The Dance is perhaps my favourite story. At least it has my favourite line ("... the heron's head exploded"). When I looked at the pictures the story wrote itself - and not only that, it made me laugh while I was writing it. In practically every picture I'd taken the heron looked utterly bizarre. Professional nature photographers take pictures of animals and birds looking natural and beautiful (and how more beautiful can you get than a heron, for goodness' sakes?), but when I take photos they seem to make an effort to look as strangely deformed as possible. Do professional nature photographers edit a lot, or is it only me that the animals do this to?

The Diving Lesson was also obvious when I looked at the pictures. It was such a STRANGE place for the cormorant to be diving, and why was the egret there? I only had to think for a moment to understand what was going on.

In The Contest I wasn't quite sure what was going on at first. Why were all the birds looking the same way? What were the gulls diving for? Why were the fish jumping? Why did the heron look so mad? Why was the egret embarrassed?

The wee dog explained it all, at length. I had to interpret it from doggie language, though.

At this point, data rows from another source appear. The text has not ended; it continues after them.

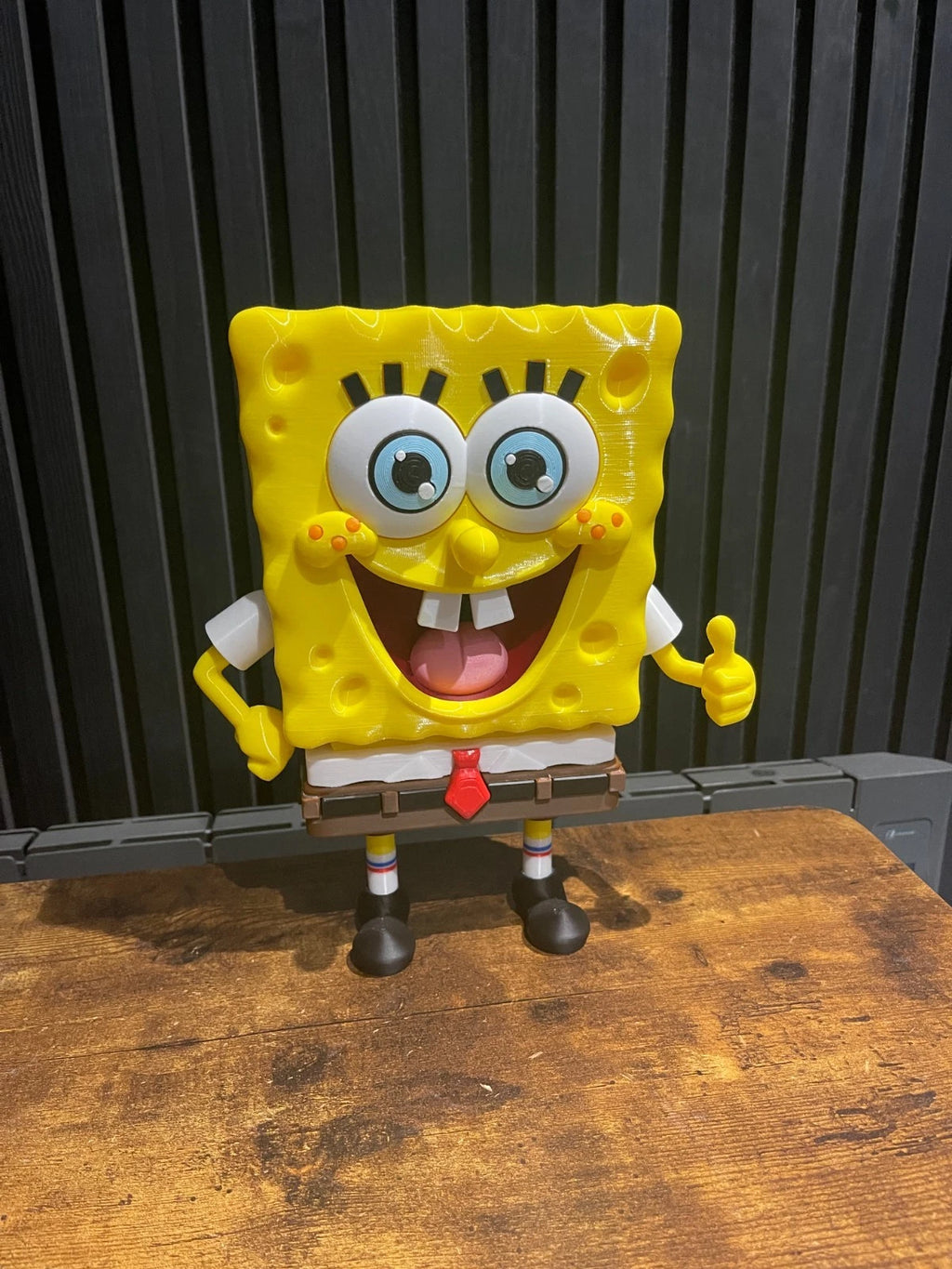 SpongeBob SquarePants 3D Print Figure 25cm Movie TV Show Fan Gift Home Decor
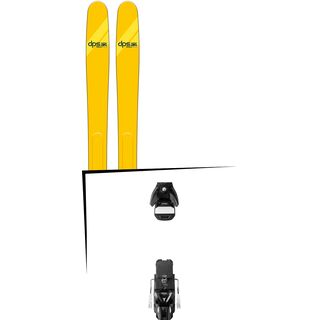 Set: DPS Skis Wailer A112 Alchemist 2018 + Atomic STH 13 WTR black/gun metal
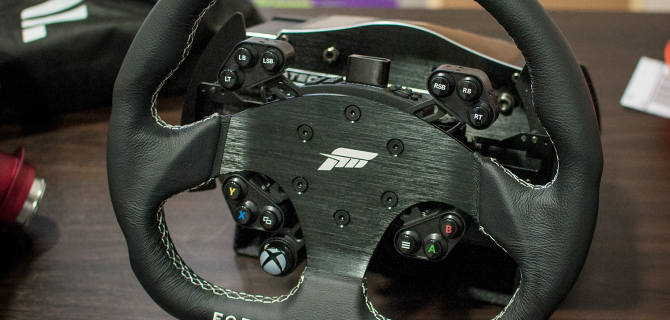 Fanatec ClubSport Wheelbase V2.5 + Pedals V3 Inverted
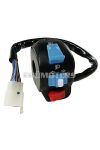 left handle switch assy w/o brake lever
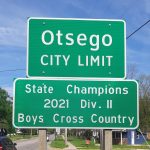 New sign welcomes drivers to Otsego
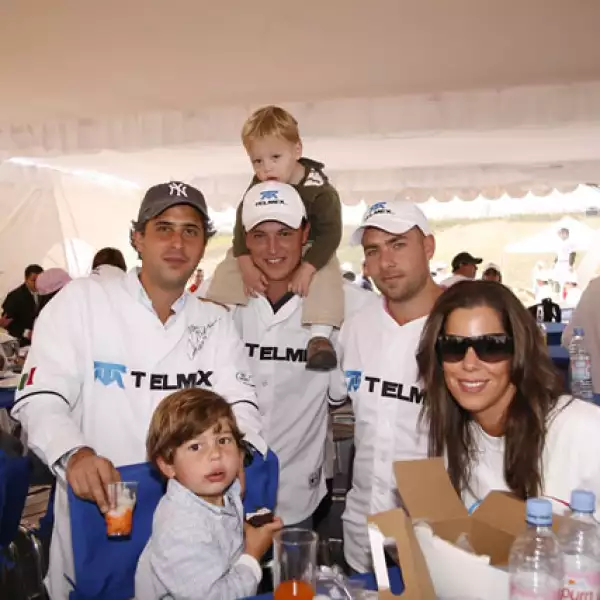 Apertura Centro Deportivo Telmex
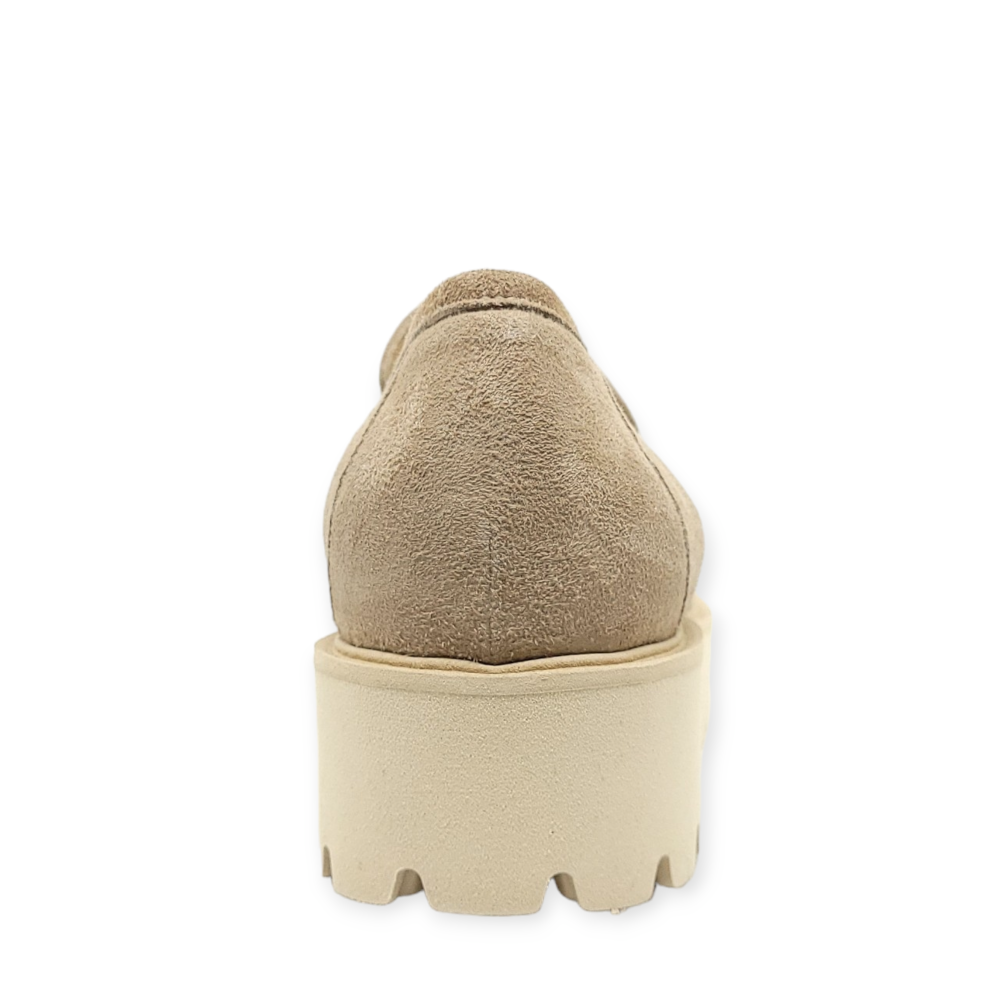 Loafers Netweb bej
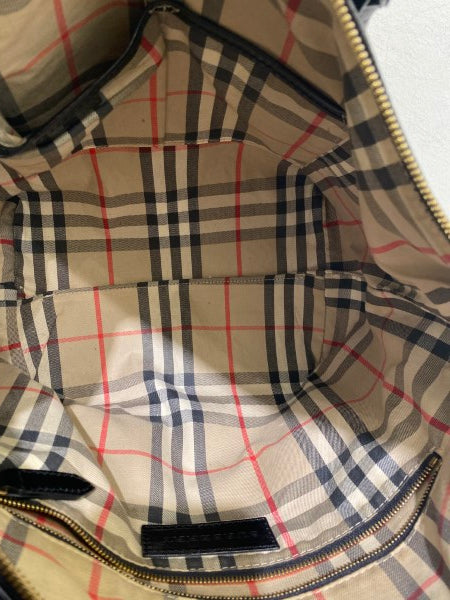 Burberry Black Tote Bag-handbag-Burberry-The Closet Egypt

The Game was another obvious one. I thought I had no interesting pictures that day. The heron was washing, and the gulls were watching. It wasn't until I got home that I understood what the gulls were REALLY up to. They were sneaky about it, but it was pretty clear when I looked at the pictures.

So, there you have it. All the stories in one post. I don't know if I'll have time to get to the big river again before classes start, and whether there will be more stories or not. I'm sure they are happening, but I might not be able to find time to record what is happening.

But I'll do my best.

Addendum: Q.E.D. has now been added. This was a last desperate attempt to pretend classes weren't starting in under a week.

Addendum 2: Conversion, Motherhood and Manners have been added.

6 comments:

Anonymous said...

I read them over again, and they're still as great! =)

btw, the last one, 'The Game', is incorrectly linked to 'The Diving Lesson'. ;)

Bill C said...

Nicely done. And these commentaries enhance the posts; I like getting this kind of behind-the-camera look.

Now I know where to send people when recommending a visit here.
:-)

Badaunt said...

Fallensnow: THANK YOU. I've fixed it. I've also added in The Contest, which I'd somehow managed to miss entirely.

Bart Treuren said...

i like it when somebody shouts duck and everybody hits the floor, you hear a sniggered quack in the background :P

kenju said...

Thanks for putting all the links in the same post. I am sure to read them again and again; they always bring a smile.

Katy said...

I'm so excited every time I see one of your stories--they make me laugh out loud. Thank you!

Also, if you put them into a book and got it published, I would buy it. I think lots of other people would too.